Die Einführung von EU-weiten Sammelklagen ist final beschlossen. Das EU-Parlament billigte am Dienstag eine Einigung mit den Mitgliedstaaten vom Sommer, wonach Verbraucher künftig überall in der EU gemeinsam juristisch gegen Unternehmen vorgehen können. Die neue Richtlinie tritt damit in einigen Wochen in Kraft, die 27 EU-Staaten haben anschließend zwei Jahre Zeit, um ihre nationale Rechtslage entsprechend anzupassen, und weitere sechs Monate um sie anzuwenden.

Die Richtlinie sieht vor, dass künftig "qualifizierte Stellen" stellvertretend für Verbraucher Ansprüche auf Schadenersatz, Preisminderungen oder Ersatzlieferungen auch grenzüberschreitend einklagen können. Dafür müssen die Mitgliedstaaten mindestens eine kompetente Stelle benennen und finanziell ausstatten. In einigen Ländern bestand die Möglichkeit für Verbraucher, kollektiv gegen Unternehmen vorzugehen, bislang grundsätzlich nicht

In Deutschland können Verbraucherschützer zwar bereits mit einer Musterfeststellungsklage stellvertretend für tausende Verbraucher vor Gericht ziehen. Doch anschließend muss jeder Einzelne erneut klagen und eine konkrete Summe Geld einfordern. Die neuen EU-Regeln gehen darüber hinaus: Bei einheitlichen Ansprüchen können die Verbraucherschützer künftig direkt auf Zahlungen oder andere Leistungen klagen. Die Bundesregierung wird also nachbessern müssen.

"Ab jetzt müssen Verbraucherinnen und Verbraucher nicht mehr jahrelang auf Entschädigung warten", erklärte der SPD-Europaabgeordnete Tiemo Wölken. Demnach sollen die neuen Regeln auch helfen, missbräuchliche Handelspraktiken wie massenhafte Preiserhöhungen etwa im Energiebereich zu unterbinden.

Die EU-Kommission hatte die Möglichkeit grenzüberschreitender Sammelklagen im April 2018 als Reaktion auf den VW-Abgasskandal vorgeschlagen. Zuvor hatte es bereits mehrmals derartige Vorhaben gegeben, die sich aber nie konkretisierten.

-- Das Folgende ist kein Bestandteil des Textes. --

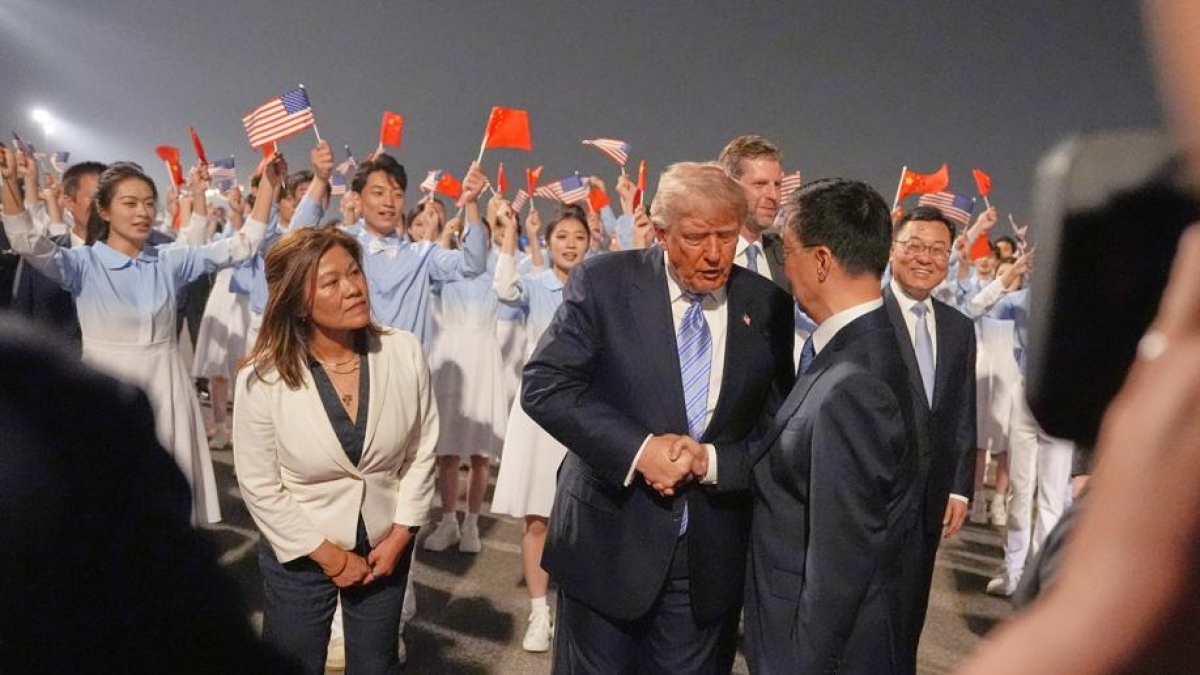 Trump incontra Xi Jinping a Pechino: discussioni su Hormuz, Taiwan e commercio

Auch den nun final beschlossenen Vorschlag hatten die Mitgliedstaaten lange blockiert.

Kritiker insbesondere aus der Wirtschaft führten häufig das Beispiel der USA an, wo die Möglichkeit für Verbandsklagen zu einer Klagehäufung und hohen Anwaltskosten geführt hätten. Verbraucherschützer sehen dieses Risiko mit den neuen EU-Regeln nicht, weil nur geprüfte und zugelassene Verbände klagen können. Missbrauch soll dem EU-Parlament zufolge zudem dadurch vorgebeugt werden, dass die Prozesskosten immer von der unterlegenen Partei getragen werden.